== Segment start ==
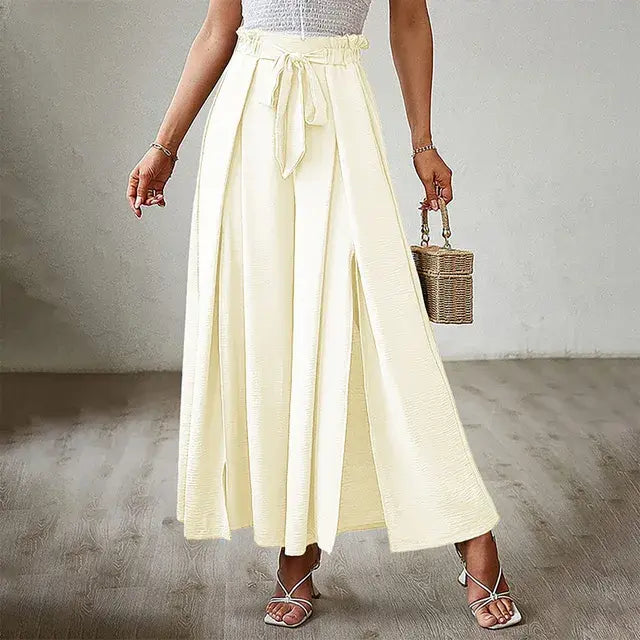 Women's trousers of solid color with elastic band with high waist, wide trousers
== Segment end ==
== Segment start ==
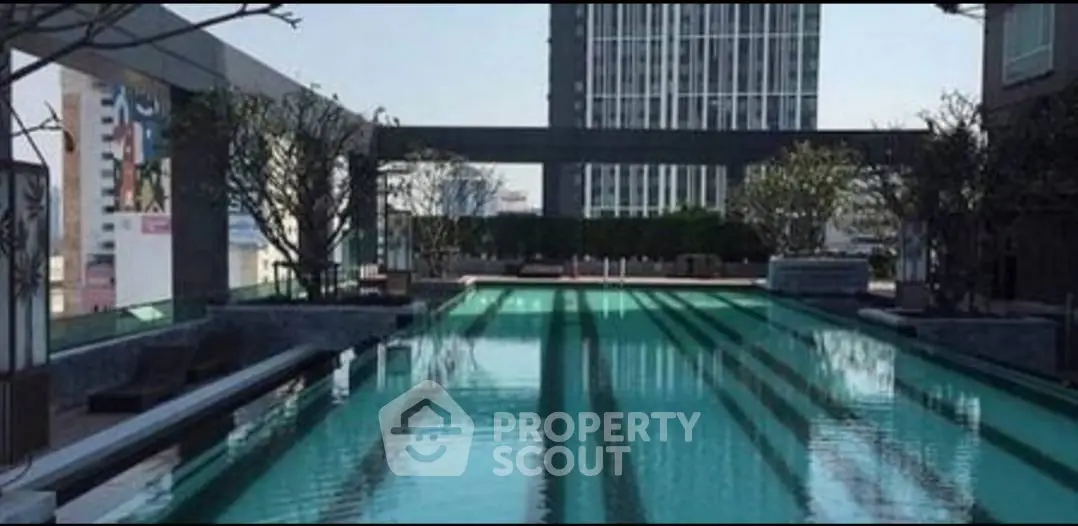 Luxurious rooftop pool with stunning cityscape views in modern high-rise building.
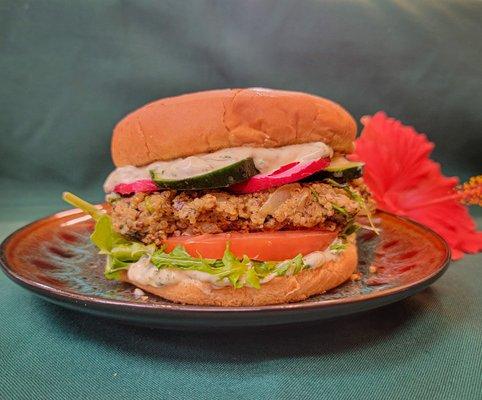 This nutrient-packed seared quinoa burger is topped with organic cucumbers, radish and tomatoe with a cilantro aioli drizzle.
== Segment end ==
Out of the records above, return only the lines from the one with "Luxurious rooftop pool" through the one with "This nutrient-packed seared", exactly, and none of the pictures.

* RESPONSE TO THE EXERCISE
 Luxurious rooftop pool with stunning cityscape views in modern high-rise building.
 This nutrient-packed seared quinoa burger is topped with organic cucumbers, radish and tomatoe with a cilantro aioli drizzle.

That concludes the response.